La plupart des dialectes du français ont perdu ces distinctions de longueur durant le 19ème siècle, mais elle se maintiennent toujours dans le nord-est de la francophonie européenne, dans un arc allant de la Belgique à la Suisse en passant par la Lorraine et l'Alsace.
Dans ces variétés, la différence est marquée, les voyelles longues étant deux fois plus longues que les voyelles courtes, et parfois diphtonguées ([edeːj]). Dans un étude comparative des français de Suisse et de France, Grosjean et al. a trouvé que dans des paires de mots comme ami/amie, pointu/pointue, aimé/aimée, les participants parisiens ont prononcés la voyelle finale des mots masculins avec un longueur moyenne de 169 ms et celle des mots féminins avec une longueur moyenne de 178 ms (on considère en générale qu'une distinction de longueur doit être de plus de 10% pour être perceptible). Les participants suisses, par contre, ont prononcés les mots masculins avec une voyelle finale d'une longueur moyenne de 150 ms, tandis que celle des mots féminins avait une longueur moyenne de 342s, soit une augmentation de 128%!
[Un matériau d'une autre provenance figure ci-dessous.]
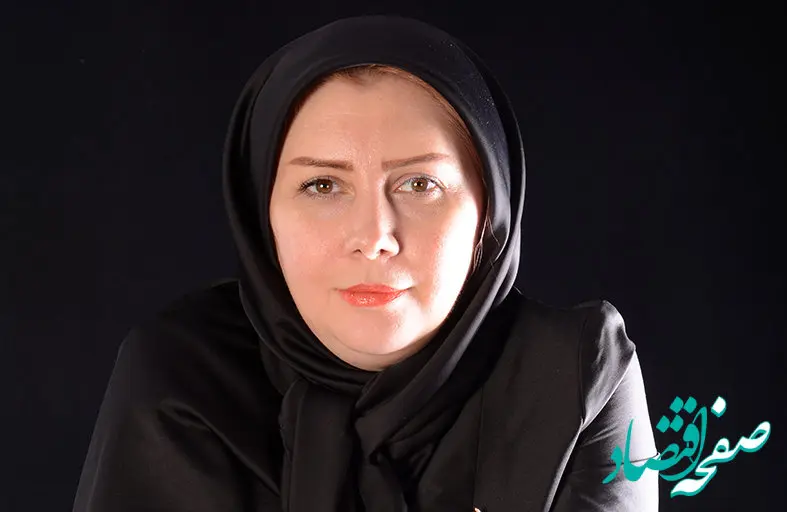 محمود صارمی و روز خبرنگار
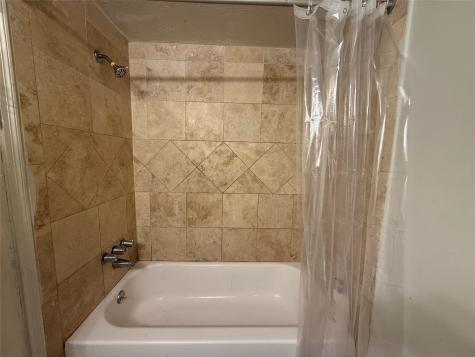 346 Saddle Horn Drive Houston TX 77060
La même étude a aussi trouvé que, présentés avec un mot prononcé avec voyelle longue (par exemple, /ʒɔliː/), les suisses l'identifiaient correctement (comme étant, dans mon exemple, jolie) dans 86% des cas, tandis que les parisiens ne le faisaient que dans 43% des cas (en d'autres termes, en répondant au hasard entre les deux choix donnés, joli et jolie).
Ces distinctions de longueur sont donc produites et perçues par les suisses (et donc porteuse de sens), mais ni produites ni perçues par les parisiens.
(Pour donner une idée de la distinction à ceux qui ne l'ont pas, je prononce "Brie" identiquement à "brille", et les oppose à "bris")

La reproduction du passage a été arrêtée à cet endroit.